So, Sony’s WH-1000MX2 successor the WH-1000MX3 was released yesterday. As usual there’s plenty of reviews praising it and how it could dethrone the Bose QC-35 II and how it’s slightly better than the already good WH-1000MX2, etc etc etc.

I think I will skip the WH-1000MX3. Unless the geek in me succumbs to some crazy desire to buy it even though I dislike the WH-1000MX2 – I hope that never happens!

I am in the enviable (to me at least) position of owning the Sennheiser PXC 550, the Bose QC-35 II, and the Sony WH-1000MX2. No, I didn’t buy all of these together … I am not that rich! The purchases happened over the course of a year or two through some patient waiting for deals to come up for these headsets. I started off with the Sennheiser PXC 550 because the Bose QC-35 and the Sony MDR-1000X were both expensive and I was able to get the PXC 550 on a deal from Amazon UK during Christmas/ New Year. I love the PXC 550. They have a lot of the features I want. Excellent mic quality, the ability to simultaneously pair with 2 devices, comfortable to use, touch controls, the ability to connect a computer via USB cable (in addition to the Bluetooth pairing with other devices), a headphone cable that comes with a mic so that you can use the headset with mic too even if its power is dead and you have to connect to a computer/ phone. Plenty of good features, and the noise cancelling’s good too.

Speaking of noise cancelling, I don’t understand all these reviews that say any of these three headphones offer amazing noise cancelling … the reviewer can’t hear the city noise, airplane rumbles above, etc. I use them in the metro and bus and yes they noise cancel a lot but it’s not absolute silence. Maybe it’s because I listen to a lot of audiobooks and so am more perceptive to the noise around me, but I can easily hear announcements and people talking around me (not all the people, but at least the louder ones) even with noise cancelling turned to a max. In fact, for me the noise cancelling of these headphones is on par with a good pair of in-ear earphones as long as they fit in snugly (e.g. the Beats X in my case).

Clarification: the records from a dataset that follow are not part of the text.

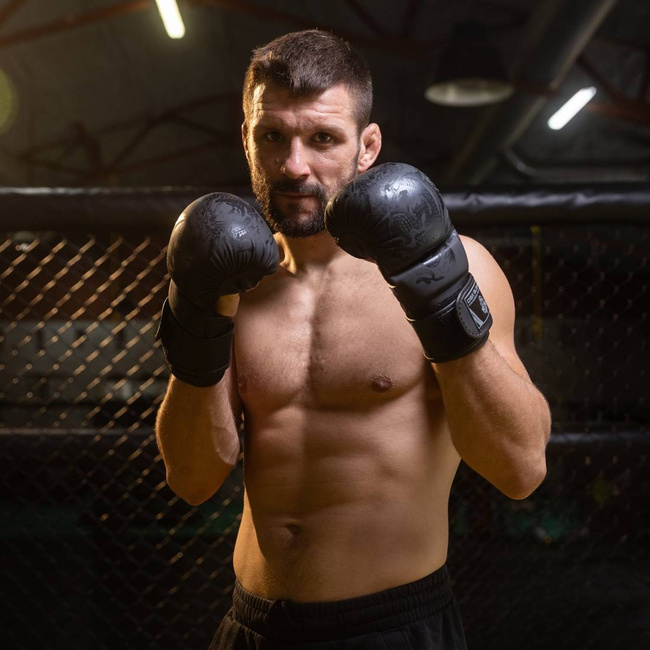 MMA Sparringshandschuhe M - Black Dragon - Valor Series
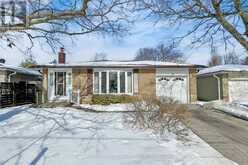 217 BAY THORN DRIVE | Markham Ontario | Slide Image Four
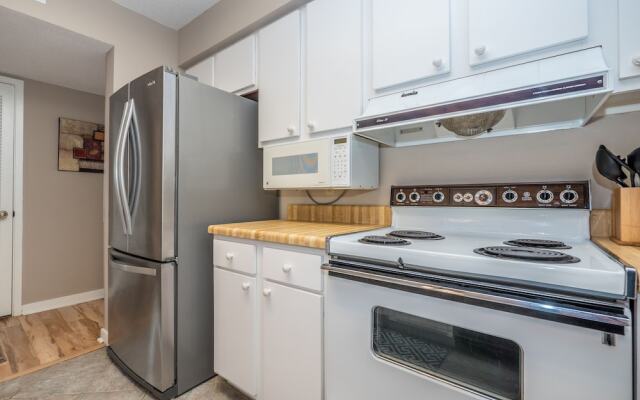 Moorings 71-72 by Vtrips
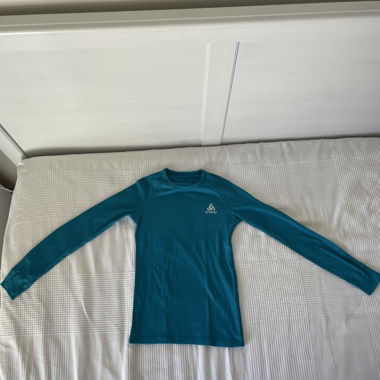 Ski thermal top and bottoms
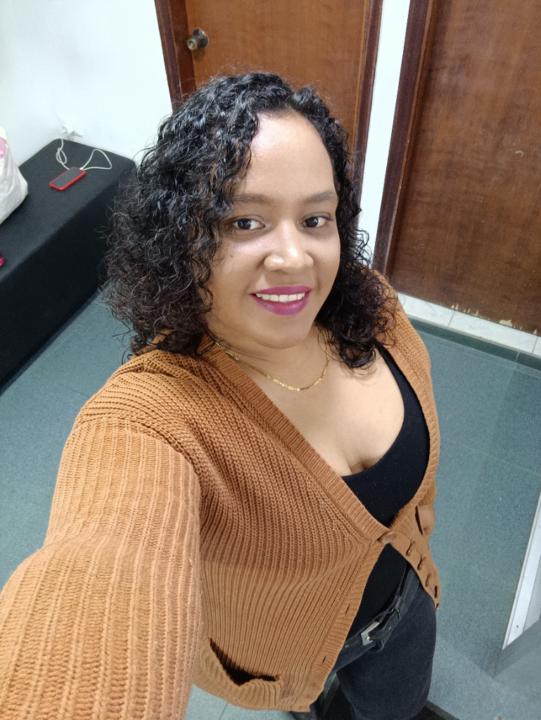 Alba Roxana Flores Corona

Anyways, back to the Sony WH-1000MX2. About a year and more after buying the PXC 550 I bought the WH-1000MX2 coz they too were on some deal. Initially I was very enthusiastic about these headphones. I mean pretty much every reviews praises them and raves about how awesome they are and totally dethrones the Bose QC 35 … and they don’t even mention the PXC 550 (and if they do it is in passing) because the comparison is almost always between Sony and Bose. The WH-1000MX2 doesn’t dual pair, nor does its cable come with mic nor can it connect to your computer via USB, but its app has a lot of (gimmicky?) features like customizing the noise cancelling based on the environment, and some equalizer settings etc. Like I said, initially I was very enthusiastic about these and started using the WH-1000MX2 a lot more. I even took it on some long trips because of how awesome it is supposed to be on-flight etc. Yup, it’s great and all that … and maybe (just maybe) it’s noise cancelling is a tad better than the PXC 550, but boy is it uncomfortable! I put it on my head, it’s like there’s this big block stuck on it. My head feels heavy. The band is like a clasp around my ears, on my head. The thing feels huge. Forget wearing it on a long distance flight … I must have worn mine for an hour at most before my ears began hurting and I had to take a break. And since then I have an aversion to the WH-1000MX2 so much so that I barely use it nowadays. In fact, just today I thought I’d try it again because it’s been a while … but nope, 15 mins was all I could manage wearing it! I absolutely do not like the WH-1000MX2 due to their size and heaviness. I get a headache pretty soon after wearing it (my head is still aching from the past 15 mins of wearing these).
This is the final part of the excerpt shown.